Les présidents de Lituanie et de Pologne, Valdas Adamkus et Lech Kaczynski, ont publié, lundi 3 novembre, une déclaration conjointe dans laquelle ils réaffirment haut et fort que la Russie n'a pas respecté son engagement de se retirer de Géorgie aux positions d'avant l'éclatement du conflit et qu'il est donc « trop tôt » pour poursuivre les négociations sur le nouvel accord. Des diplomates lituaniens ont confirmé à EUROPE que la Lituanie ne veut pas poursuivre les négociations tant que la Russie n'aura pas retiré ses troupes aux positions qu'elle occupait avant le 7 août (début de la guerre en Géorgie). Vilnius se tient strictement aux conclusions du Conseil européen extraordinaire du 1er septembre, quand les 27 dirigeants européens ont décidé de reporter la prochaine séance de négociation tant que le retrait des troupes russes « sur leurs positions antérieures au 7 août » n'aura pas été réalisé. Entre-temps, la Russie a retiré ses soldats des zones de sécurité adjacentes à l'Ossétie du Sud et à l'Abkhazie mais elle maintient plusieurs milliers de soldats dans les deux régions qui se sont déclarées indépendantes (dans lesquelles elle était présente avant le 7 août seulement par un nombre réduit de soldats membres des forces de maintien de la paix de l'ONU). La présence militaire russe en Ossétie du Sud et en Abkhazie devra donc être réduite jusqu'au nombre de « peacekeepers » que Moscou avait dans les deux régions avant le 7 août, expliquent les diplomates lituaniens. « Si la Russie ne respecte pas son engagement de retrait, nous proposons d'attendre le Conseil européen de printemps (en mars 2009) pour revenir sur la question et réévaluer la situation », affirment les diplomates lituaniens. Ce nouveau report de quelques mois devrait être mis à profit pour faire une analyse en profondeur des relations UE/Russie et pour « réfléchir » à leur l'avenir, disent-ils. Du côté polonais, on explique que la déclaration du président n'engage pas formellement le gouvernement polonais même si, sur le fond, celui-ci partage dans une large mesure l'opinion exprimée par M. Kazcynski.

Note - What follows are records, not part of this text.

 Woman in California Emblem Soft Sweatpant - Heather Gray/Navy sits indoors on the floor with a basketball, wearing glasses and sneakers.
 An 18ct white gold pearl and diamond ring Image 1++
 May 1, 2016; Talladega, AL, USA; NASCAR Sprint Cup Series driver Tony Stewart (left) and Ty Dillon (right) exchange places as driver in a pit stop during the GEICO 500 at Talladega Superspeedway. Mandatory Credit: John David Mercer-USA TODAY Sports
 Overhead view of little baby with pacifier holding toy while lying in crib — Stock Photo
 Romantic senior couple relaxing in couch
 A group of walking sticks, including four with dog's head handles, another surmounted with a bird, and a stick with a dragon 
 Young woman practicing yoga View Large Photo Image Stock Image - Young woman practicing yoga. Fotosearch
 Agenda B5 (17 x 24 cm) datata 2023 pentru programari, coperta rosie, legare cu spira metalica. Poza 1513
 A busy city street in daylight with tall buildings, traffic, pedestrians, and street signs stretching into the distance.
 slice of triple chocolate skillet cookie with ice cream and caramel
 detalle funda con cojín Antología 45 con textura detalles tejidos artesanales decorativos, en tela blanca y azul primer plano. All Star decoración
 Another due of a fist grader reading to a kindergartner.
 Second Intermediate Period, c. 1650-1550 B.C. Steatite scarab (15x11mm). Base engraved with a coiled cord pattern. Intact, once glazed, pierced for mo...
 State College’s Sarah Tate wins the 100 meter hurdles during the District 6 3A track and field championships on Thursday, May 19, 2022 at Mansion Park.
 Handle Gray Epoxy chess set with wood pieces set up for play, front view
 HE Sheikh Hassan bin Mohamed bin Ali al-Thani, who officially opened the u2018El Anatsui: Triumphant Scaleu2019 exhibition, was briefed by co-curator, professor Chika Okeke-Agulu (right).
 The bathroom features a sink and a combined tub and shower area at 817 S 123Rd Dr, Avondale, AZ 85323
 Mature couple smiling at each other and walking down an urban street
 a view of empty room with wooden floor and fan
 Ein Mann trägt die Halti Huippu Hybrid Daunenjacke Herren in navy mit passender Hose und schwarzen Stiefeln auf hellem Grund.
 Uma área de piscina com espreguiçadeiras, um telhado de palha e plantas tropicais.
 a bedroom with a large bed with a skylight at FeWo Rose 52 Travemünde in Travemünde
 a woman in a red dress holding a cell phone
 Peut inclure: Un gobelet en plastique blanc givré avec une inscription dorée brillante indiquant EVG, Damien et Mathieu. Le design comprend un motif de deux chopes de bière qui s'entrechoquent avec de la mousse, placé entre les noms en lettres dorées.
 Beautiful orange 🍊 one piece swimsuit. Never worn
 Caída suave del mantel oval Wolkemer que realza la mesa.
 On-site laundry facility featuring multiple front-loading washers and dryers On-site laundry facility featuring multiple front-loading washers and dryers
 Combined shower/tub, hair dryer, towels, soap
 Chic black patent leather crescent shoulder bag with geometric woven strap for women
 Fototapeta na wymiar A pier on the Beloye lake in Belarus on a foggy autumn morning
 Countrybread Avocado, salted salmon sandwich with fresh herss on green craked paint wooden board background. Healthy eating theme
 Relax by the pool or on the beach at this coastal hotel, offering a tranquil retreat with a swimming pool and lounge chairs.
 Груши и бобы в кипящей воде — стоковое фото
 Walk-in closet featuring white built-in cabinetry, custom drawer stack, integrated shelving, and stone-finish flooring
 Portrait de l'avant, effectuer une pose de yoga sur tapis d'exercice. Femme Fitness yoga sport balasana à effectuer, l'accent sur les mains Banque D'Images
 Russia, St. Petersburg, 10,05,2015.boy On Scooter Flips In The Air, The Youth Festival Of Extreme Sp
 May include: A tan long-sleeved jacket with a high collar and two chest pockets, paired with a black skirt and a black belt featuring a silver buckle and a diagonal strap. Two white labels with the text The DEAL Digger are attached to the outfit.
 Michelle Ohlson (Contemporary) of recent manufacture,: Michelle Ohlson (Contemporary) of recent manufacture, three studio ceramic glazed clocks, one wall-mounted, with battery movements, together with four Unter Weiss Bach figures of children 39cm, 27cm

Le président d'Estonie, Toomas Hendrik Ilves, est également monté au créneau, lundi 3 novembre, en affirmant dans une interview au Spiegel-online (Allemagne) que l'UE va trop vite dans le rétablissement de relations normales avec Moscou. « Une partie de l'Union européenne voudrait le plus rapidement possible faire comme si rien ne s'était passé », déclare M. Ilves. Le président estonien critique aussi sévèrement le manque d'ambition de l'UE à l'égard de ses voisins à l'Est, notamment l'Ukraine, la Géorgie et la Moldavie. En refusant d'offrir à ces pays une véritable perspective d'adhésion, la suppression des visas et l'ouverture des marchés, l'UE se transforme en « complice » de la Russie dans sa politique visant à rétablir des « zones d'influence » en Europe, affirme M. Ilves. (H.B.)